Data:
━━━━━━━━━━━━━━━━━━━━━━━━━━━━━━

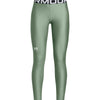 Calzas UA HeatGear verde para niña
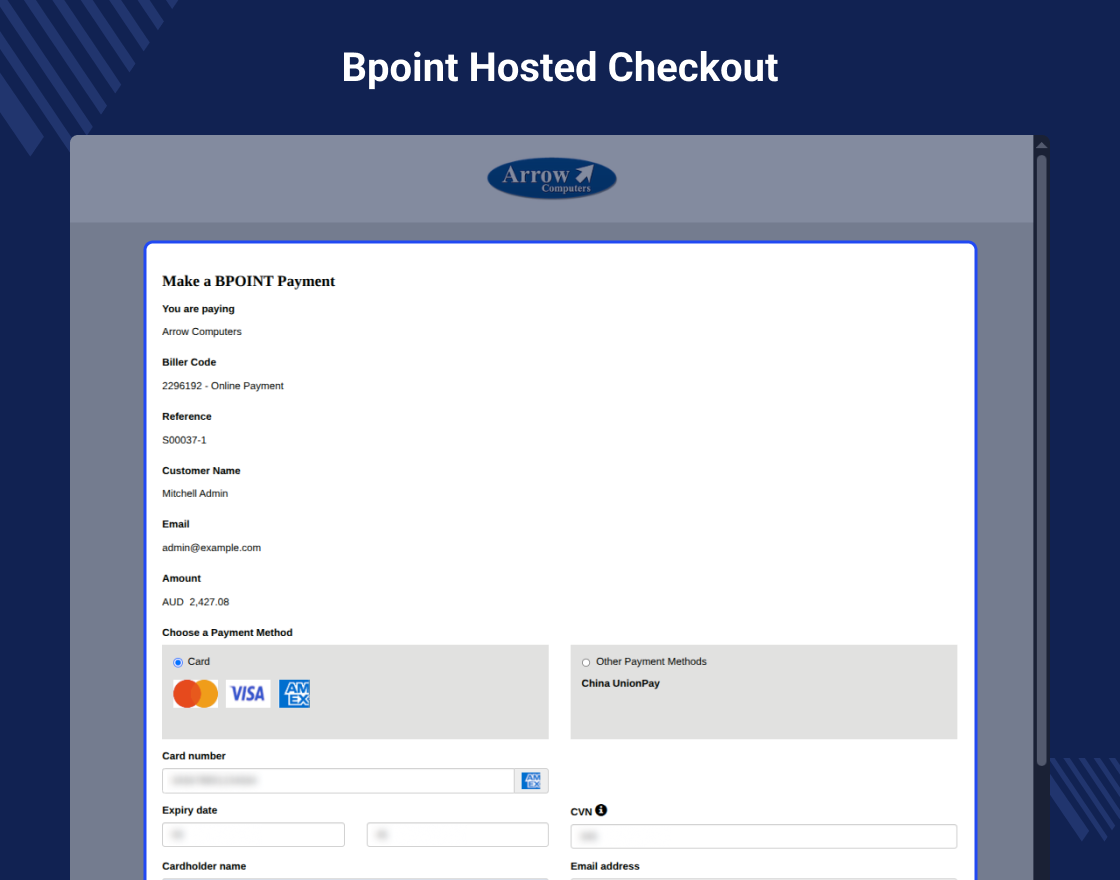 Odoo BPoint Payment Acquirer
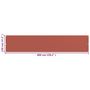 Voir la diapositive 5 : VIDAXL Ecran de balcon Terre cuite 120x600 cm PEHD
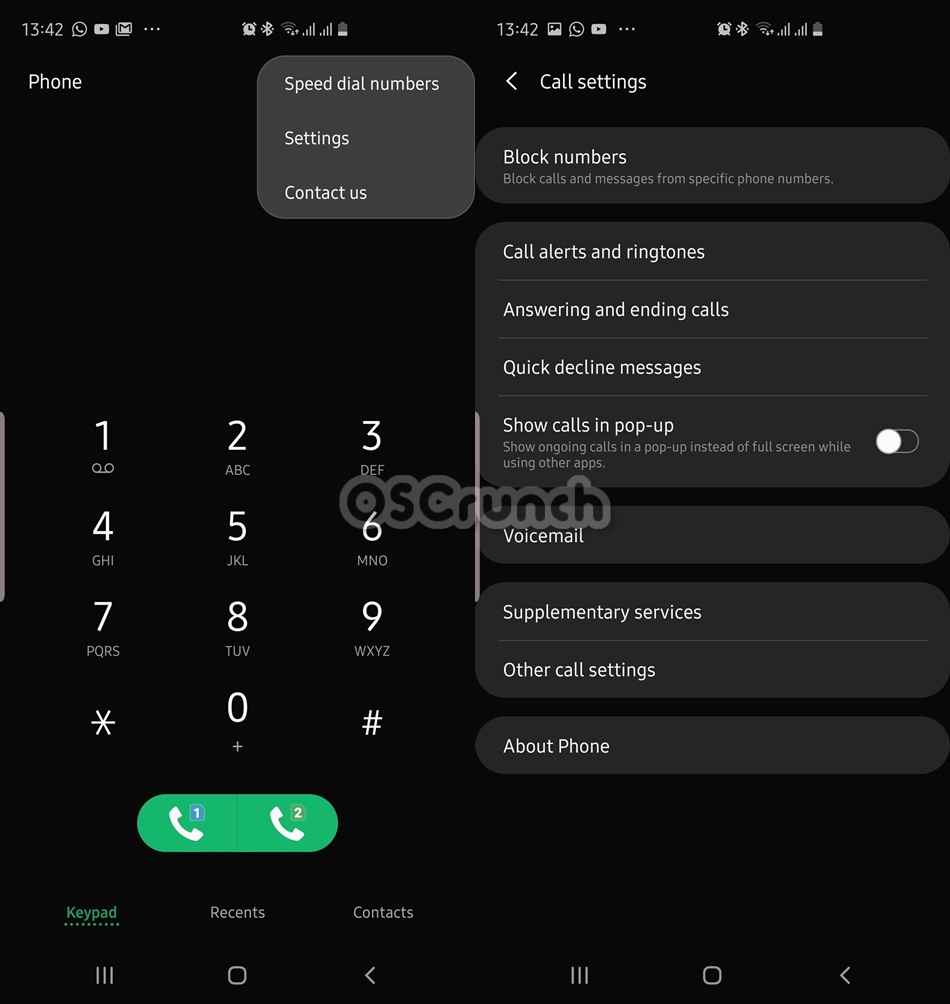 Call recording on galaxy note 10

━━━━━━━━━━━━━━━━━━━━━━━━━━━━━━

Would you retype exactly the lines running from the line that contains "Voir la diapositive" through the end of the listing above, both included? Skip every picture.

Finished exercise:
 Voir la diapositive 5 : VIDAXL Ecran de balcon Terre cuite 120x600 cm PEHD
 Call recording on galaxy note 10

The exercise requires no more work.